U.S. Silica Holdings Inc. announced revenue of $442.2 million for the first quarter of 2023, an increase of 7% compared with $412.9 million in the fourth quarter of 2022; and an increase of 45% when compared with the first quarter of 2022. Net income of $44.6 million for the first quarter of 2023 represents an increase of 41% compared with $31.6 million in the fourth quarter of 2022 and increased significantly when compared with a net loss of $8.4 million in the first quarter of 2022.
Overall tons sold of 4.934 million for the first quarter of 2023 increased 7% compared with 4.606 million tons sold in the fourth quarter of 2022 and increased 19% when compared with the first quarter of 2022.
Bryan Shinn, chief executive officer, commented, “We delivered exceptional results in the first quarter, reporting record Adjusted EBITDA and the highest level of total contribution margin dollars since 2018. Customer demand in our Oil and Gas segment remained robust and we improved pricing and expanded margins. Our Industrial and Specialty Products segment profitability increased 13% on a year-over-year basis through price increases and greater sales of higher-margin products. We also successfully entered into a new $1.1 billion Credit Agreement in the first quarter and concurrently extinguished $109 million of debt, further strengthening our balance sheet.
“We expect to remain effectively sold out for sand proppant in 2023 supported by robust contractual commitments at 84% of production capacity,” Shinn continued. “Our SandBox last mile logistics offering is also in strong demand and poised for another year of record profitability.

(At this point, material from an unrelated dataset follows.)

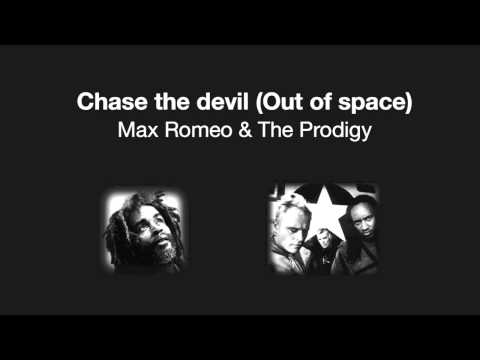 Max Romeo & The Prodigy - Chase the devil (DnB remix).mov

In our Industrial and Specialty Products segment, we are commercializing new products, realizing benefits from structural cost reductions and price increases and continuing to sign favorable long-term contracts.
“Based on the strength of our business so far this year, coupled with the visibility provided by our customer contracts and market feedback, we are raising our guidance and now expect 2023 company Adjusted EBITDA to increase 25% to 30% sequentially with associated free cash flow generation in excess of $200 million,” Shinn concluded.